Es gibt mehr als zwei Hautfarben, zwei Geschlechter, zwei kulturelle Wurzeln etc. Schwarze werden korrekt Schwarze genannt. Andere wiederum sind nicht schwarz und nicht weiß, farbig eigentlich auch nicht, werden aber so geheißen und wollen es doch nicht. Deshalb bedecken sie sich mit Akronymen, z. B. BIPoC für Black Indigen People of Color. Wenn das nicht genehm ist, greift man zu SOJARIME (Schwarz, Osteuropäisch, Jüdisch, Asiatisch, Roma und Sinti, Indigen, Muslimisch und andere Ethnie). Sieht aus und fühlt sich an wie Schreddergut.
Und dann die Sache mit den Geschlechtern, den binären und den non-binären. An einer Stelle des Buches wird von der Wahl zwischen sechzig verschiedenen Geschlechtern gesprochen, wohl ein Ausfluss unfertiger Definitionen und fließender Abgrenzungen, die dem ständigen sprachlichen Wandel nicht folgen konnten. Dafür stünde dann die Letternschlange LGBTQIA (lesbisch, schwul/gay, bisexuell, transsexuell/transgender, queer, intersexuell, asexuell) als „Kurzform“ zur Verfügung.
Es ist ein Buch, das stark geprägt ist vom Kampf gegen Benachteiligung der Menschen, die sich außerhalb der westlichen und der männlichen Wertegemeinschaft wiederfinden.

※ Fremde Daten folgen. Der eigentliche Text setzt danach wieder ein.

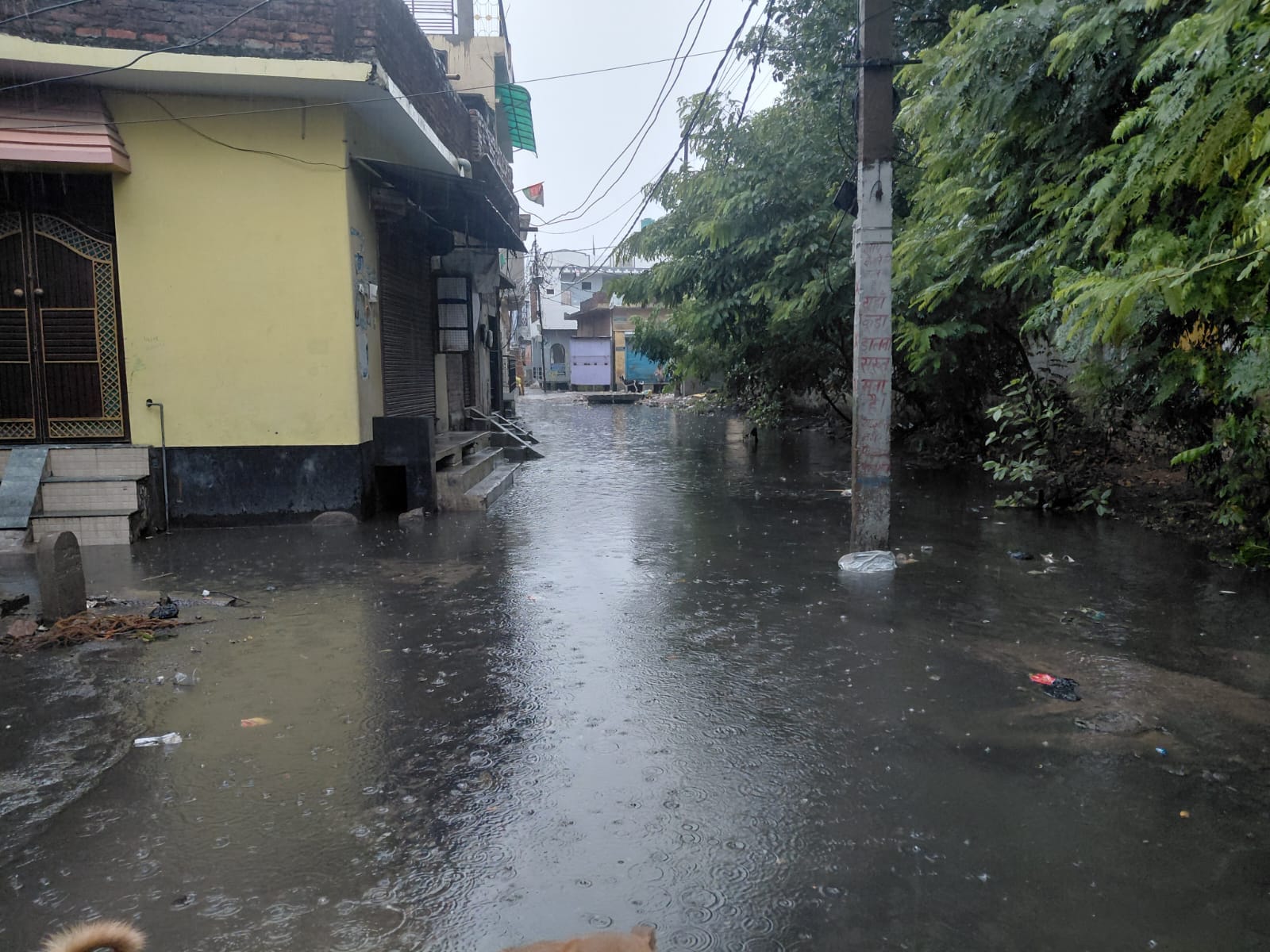 स्टेशन मार्ग पर जलभराव के बीच गुजरता इ-रिक्शा। संवाद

Damen und Herren gibt es inzwischen in der Anrede bei der Lufthansa nicht mehr, ohne einen Shitstorm der Non-Binären zu riskieren. Dann doch lieber eine neue Wortwahl mit Gender-Stolpersternchen? Selbst der gute alte Duden, gerade eben noch von der Dudin verschont, pflegt auftragsgemäß die deutsche Sprache nicht, sondern dokumentiert nur mitlaufend ihre Veränderungen im Entwicklungsprozess. Da fängt doch für den Sprachfreund der Boden unter den Füßen an zu wanken.

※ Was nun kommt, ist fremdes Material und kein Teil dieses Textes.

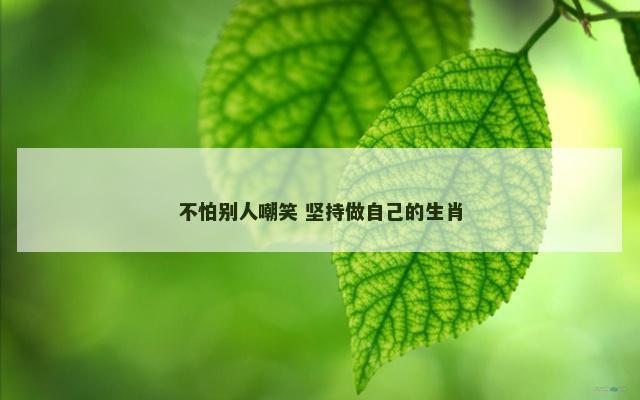 不怕别人嘲笑 坚持做自己的生肖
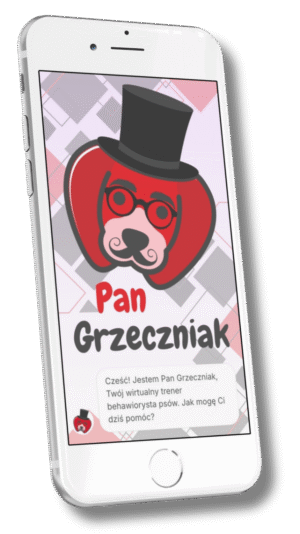 Pan Grzeczniak 1 miesiąc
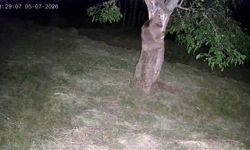İspir'de ayı ve domuz sürüleri dut bahçelerini talan etti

Wenn man als alter weißer Mann in der Gedankenwelt der Minensucher langsam heimisch geworden ist, könnte die Lektüre dieses sehr inhaltsreichen Büchleins eine Bereicherung des eigenen Wortschatzes in Schrift und Sprache darstellen. Das generische Maskulinum jedoch steht unverkennbar auf tönernen Füßen. Die Jungen werden es bald nicht mehr brauchen, so die Autoren, den Konjunktiv auch nicht. Man sollte offen und frei von Panik an den interessanten, auch provozierenden, mitunter ziemlich polemisierenden Lesestoff herangehen. Irgendwie lohnt es sich ja immer, Neuland vorsichtig zu betreten, Entwicklungen bewusst zu verfolgen. Keine Angst vor Minen? Man muss ja nicht alles anpacken wollen. Es darf hie und da bei der Lektüre gelacht werden, aus welcher Intention auch immer. Das Nachlesen resp. Rekapitulieren bestimmter Begriffe macht Mühe. Ein Sachregister wäre hilfreich gewesen zur Orientierung im verminten Gelände.